Les patients atteints de diabète sucré présentent souvent un risque cardiovasculaire accru. Une réduction des lipides adaptée au risque, basée sur l’ESC-SCORE* (“systematic coronary risk estimation”), constitue une contre-mesure importante [1,2]. Chez les patients présentant un risque cardiovasculaire très élevé, on vise un taux de cholestérol LDL (LDL-C) <55 mg/dl ou <1,4 mmol/l et une réduction de ≥50 pour cent, explique le professeur Dirk Müller-Wieland, de l’hôpital universitaire RWTH d’Aix-la-Chapelle (D) (tableau 1) [3,4]. L’objectif premier est de réduire le cholestérol LDL, mais les valeurs du cholestérol non-HDL (cholestérol total moins cholestérol HDL) sont également pertinentes, comme le souligne le conférencier, ancien président de l’Association allemande du diabète. La différence entre le cholestérol non-HDL et le cholestérol LDL ne doit pas dépasser 30 mg/dl (tableau 1) [3,4]. Sur le plan physiopathologique, l’activité du récepteur LDL dans le foie est un facteur central et la clé de la réduction thérapeutique des lipoprotéines athérogènes et du risque cardiovasculaire [5]. Les caractéristiques de la dyslipidémie diabétique hautement athérogène sont l’hypertriglycéridémie, l’augmentation des particules rémanentes, les petites LDL denses (“small dense” -LDL) et le faible taux de HDL-cholestérol. Le manque d’insuline ou la résistance à l’insuline entraînent une désinhibition de la lipolyse et donc une augmentation des acides gras libres qui, en fonction de leur concentration, passent dans le foie et sont incorporés dans les lipoprotéines riches en triglycérides (VLDL) sous l’effet de l’insuline [5]. “Plus vous activez le récepteur LDL – et un indicateur est bien sûr la réduction du cholestérol LDL – plus vous réduisez également la proportion de cholestérol athérogène dans ces lipoprotéines riches en triglycérides”, a expliqué le professeur Müller-Wieland.

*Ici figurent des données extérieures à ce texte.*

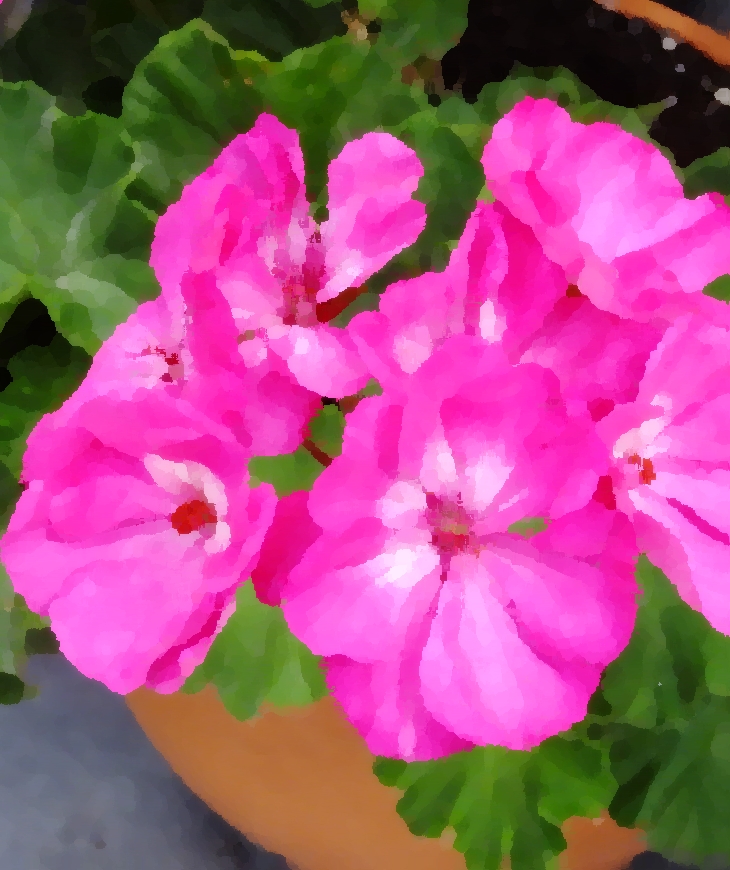 La rosa de Hereford&nbsp;(2021)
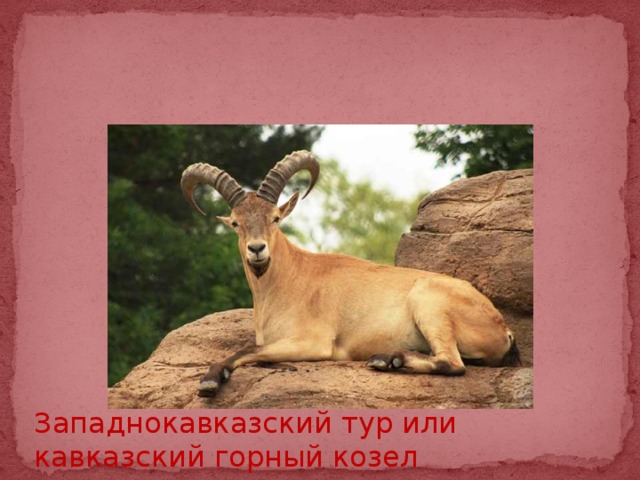 Западнокавказский тур или кавказский горный козел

Cela est associé à un risque cardiovasculaire nettement plus faible, comme le montrent différentes études, ajoute le conférencier. Les recommandations pratiques de la DDG sur le traitement des lipides dans le diabète sucré, ainsi que les lignes directrices d’autres sociétés savantes internationales, en tiennent compte [3 .4].
* L’ESC-SCORE est disponible sous forme d’outil en ligne et de tableau de score et indique le risque absolu sur 10 ans d’un événement athérosclérotique fatal (y compris la mort subite d’origine cardiaque) en pourcentage. [1,2]
Les statines restent une option de première ligne
“La base du traitement des lipides est et reste actuellement le traitement par statine”, a déclaré le Dr Julia Brandts, de l’hôpital universitaire RWTH d’Aix-la-Chapelle [6]. Il existe des données robustes montrant que les statines entraînent une réduction significative du risque par rapport au placebo, tant en prévention secondaire qu’en prévention primaire. Pour chaque réduction de 1 mmol/l de cholestérol LDL, une réduction relative du risque cardiovasculaire d’environ 20% peut être obtenue, a déclaré l’oratrice. Cela est valable quel que soit le risque initial du patient et quel que soit le produit utilisé pour obtenir cette réduction du cholestérol. Pour les patients atteints de diabète sucré qui présentent un risque cardiovasculaire élevé ou très élevé, on souhaite une réduction du LDL-C d’au moins 50 pour cent, raison pour laquelle on utilise notamment l’atorvastatine (40 mg) ou la rosuvastatine (20 mg) pour le traitement par statine.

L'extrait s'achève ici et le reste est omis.